Start of Block

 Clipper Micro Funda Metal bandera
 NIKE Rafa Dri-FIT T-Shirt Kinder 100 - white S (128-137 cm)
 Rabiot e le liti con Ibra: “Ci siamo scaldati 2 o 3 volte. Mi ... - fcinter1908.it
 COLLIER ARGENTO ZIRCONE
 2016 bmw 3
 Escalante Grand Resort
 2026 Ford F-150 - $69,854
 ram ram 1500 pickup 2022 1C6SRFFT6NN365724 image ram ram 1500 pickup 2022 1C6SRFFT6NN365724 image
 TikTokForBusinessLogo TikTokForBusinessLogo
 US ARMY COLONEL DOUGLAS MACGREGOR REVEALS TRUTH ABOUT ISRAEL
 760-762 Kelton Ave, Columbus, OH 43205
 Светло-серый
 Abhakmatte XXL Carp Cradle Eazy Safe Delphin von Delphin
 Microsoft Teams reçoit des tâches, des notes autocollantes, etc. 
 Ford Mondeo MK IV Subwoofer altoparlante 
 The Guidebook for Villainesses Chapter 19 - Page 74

End of Block

§ **Problem description**
Would you restate the records word for word?

§ **Solution to this exercise**
 Clipper Micro Funda Metal bandera
 NIKE Rafa Dri-FIT T-Shirt Kinder 100 - white S (128-137 cm)
 Rabiot e le liti con Ibra: “Ci siamo scaldati 2 o 3 volte. Mi ... - fcinter1908.it
 COLLIER ARGENTO ZIRCONE
 2016 bmw 3
 Escalante Grand Resort
 2026 Ford F-150 - $69,854
 ram ram 1500 pickup 2022 1C6SRFFT6NN365724 image ram ram 1500 pickup 2022 1C6SRFFT6NN365724 image
 TikTokForBusinessLogo TikTokForBusinessLogo
 US ARMY COLONEL DOUGLAS MACGREGOR REVEALS TRUTH ABOUT ISRAEL
 760-762 Kelton Ave, Columbus, OH 43205
 Светло-серый
 Abhakmatte XXL Carp Cradle Eazy Safe Delphin von Delphin
 Microsoft Teams reçoit des tâches, des notes autocollantes, etc. 
 Ford Mondeo MK IV Subwoofer altoparlante 
 The Guidebook for Villainesses Chapter 19 - Page 74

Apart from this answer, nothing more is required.